President Barack Obama's reported proposal to require more businesses to pay their employees overtime has highlighted the grey area around what positions in the advice business should be for paid hours worked outside the traditional work week.
Although his plan, which was reported on Wednesday by The New York Times, hasn't been fully unveiled, many said that any effort to expand overtime could add to confusion in an industry that has struggled with how to classify certain workers, such as trainees, client associates and even financial advisers themselves.
“If there's a problem where people should be getting overtime pay and they're not, then maybe we should be looking closer at the rules that are already in place,” said Debra Girvin, president of Lochlyn Company, a human resources consulting firm. “We need to bring that in order, and then if we still think something's wrong, then change the rules to broaden the scope.”
News of the president's proposal arrives as a number of large firms, including JPMorgan Chase & Co. and Bank of America Merrill Lynch, continue to face class actions and multimillion-dollar settlements in cases where they were accused of misclassifying stockbrokers and advisers.

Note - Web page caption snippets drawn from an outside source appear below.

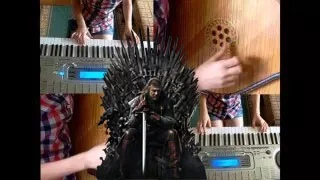 Game of thrones - Main theme bandura & piano cover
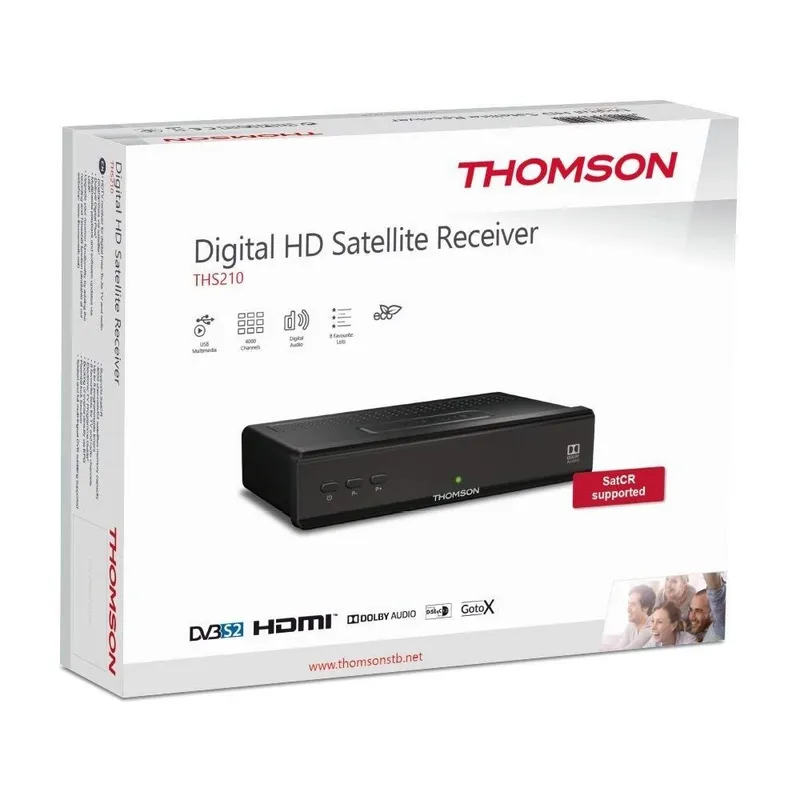 TV Tuner Thomson THS 210 1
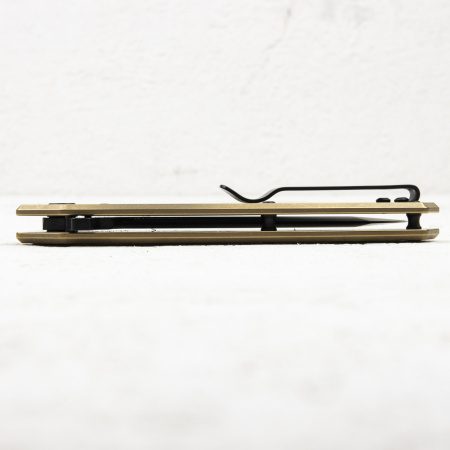 Нож Ontario Ti 22 Equinox, S35VN Tanto, Titanium Bronze, 09805 Нож Ontario Ti 22 Equinox, S35VN Tanto, Titanium Bronze, 09805 - купить в интернет-магазине Blademan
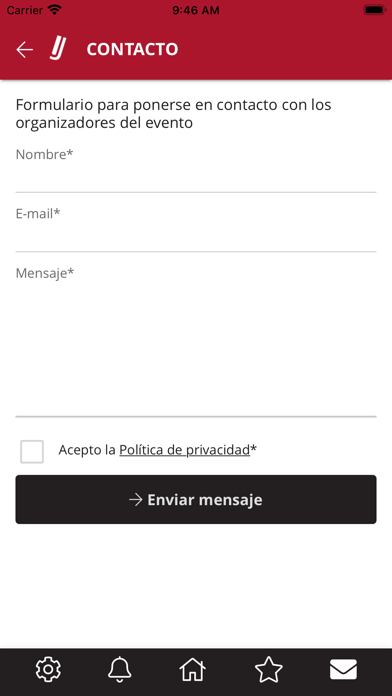 Jornadas SEFAC 2021 Screenshot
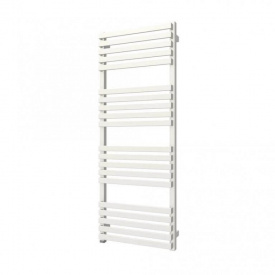 Електрична рушникосушка Terma Quadrus Slim One 600x1185 біла П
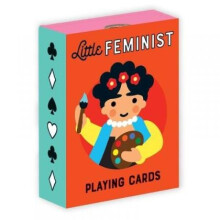 Little Feminist Playing Cards by Lydia Ortiz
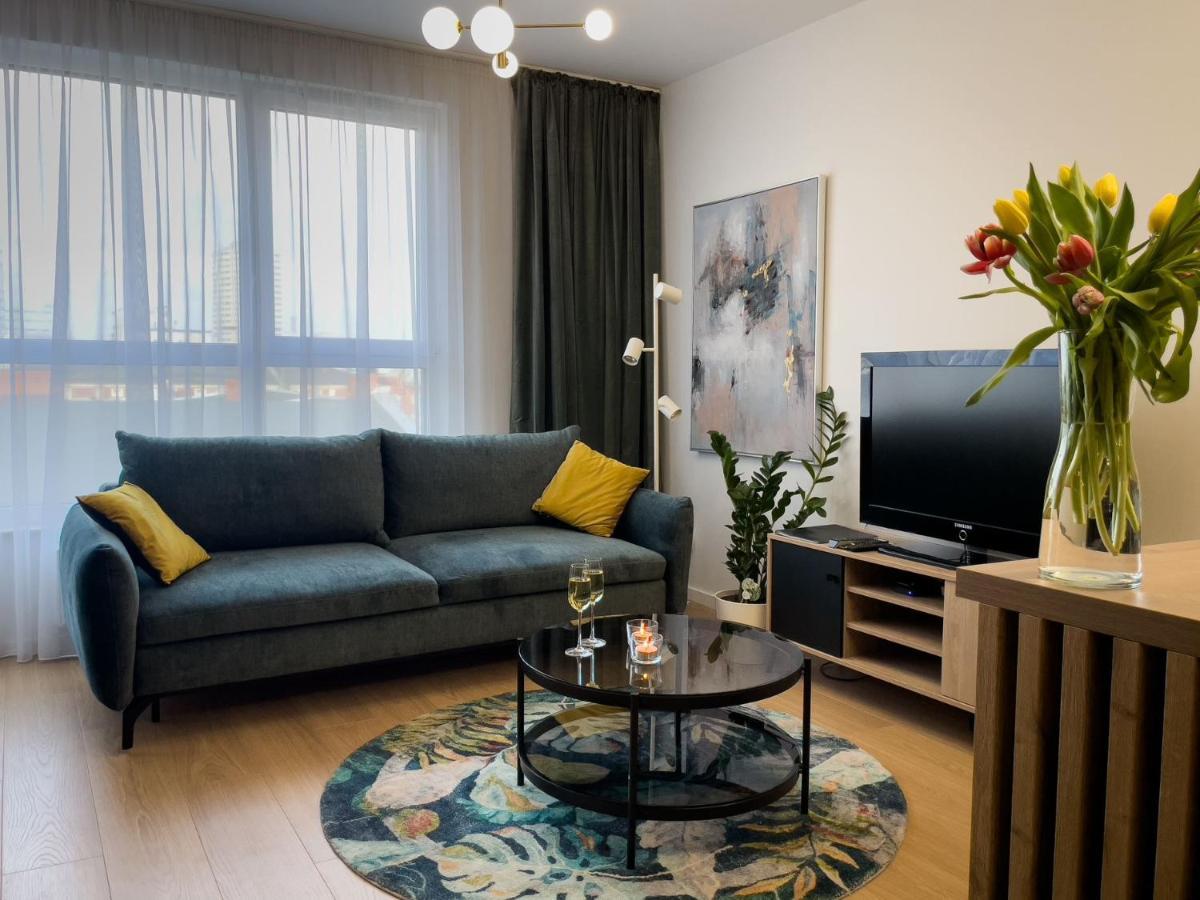 Urban Apartments Premium, Opolska 10 No 36, Free Garage, Self Check-In Катовице Екстериор снимка
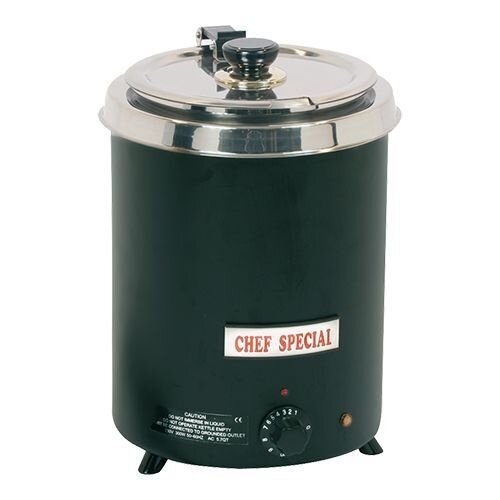 CaterChef Chauffe-Soupe 5,7 Litres Noir CaterChef Chauffe-Soupe 5,7 Litres Noir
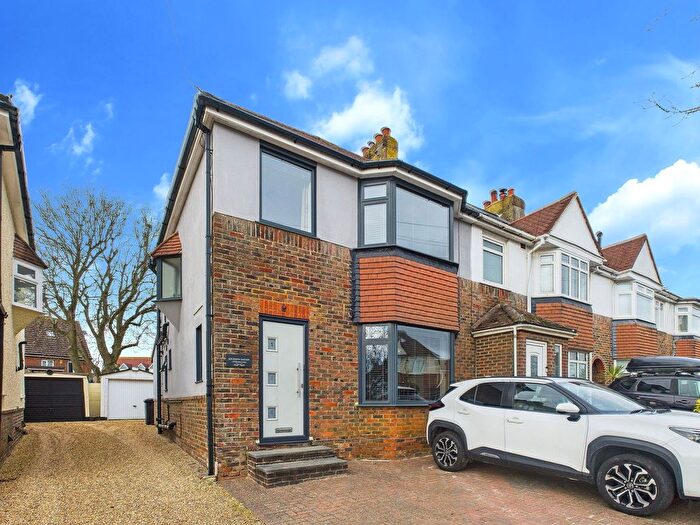 3 Bedroom Semi-Detached House For Sale In Rowan Avenue, Hove, BN3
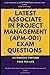 Associate in Project Management (APM-001)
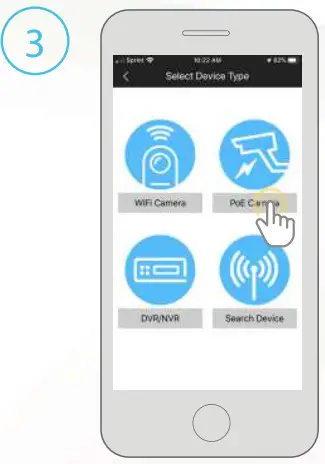 AMCREST IP8M-T2669EW-AI POE AI Camera Initial Setup -AMCREST VIEW PRO3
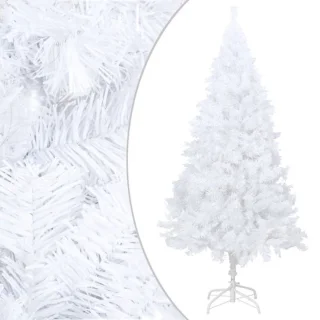 vidaXL Kunstkerstboom 210 cm PVC wit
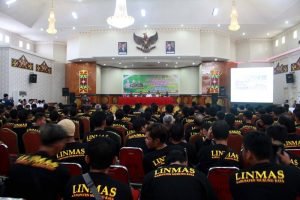 Pj Bupati Buka Pelatihan Pembekalan Satlinmas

Most stockbrokers and advisers are presumed to be exempt under the administrative exemption in the Fair Labor Standards Act, according to Mary Dunlap, founder of an eponymous consulting firm that works with several independent advisory firms.
But some advisers have had success arguing against the administrative exemption, which states that the primary work of an exempt individual “includes the exercise of discretion and independent judgment with respect to matters of significance.”
“That's where it gets muddy,” Ms. Dunlap said. “Because if you only have discretion over little things, then you don't have that much decision-making authority.”
There are questions as to whether that exemption applies to advisers, especially brokers who receive commissions for selling investment products, according to Jennifer Liu, an attorney with Outten & Golden, which is representing a group of bank advisers who filed class action claims against JPMorgan Chase.
Her firm has made the argument in the JPMorgan case and others, including one filed against Bank of America Merrill Lynch on behalf of bank advisers, that making sales doesn't qualify as exercising discretion. Those cases are pending.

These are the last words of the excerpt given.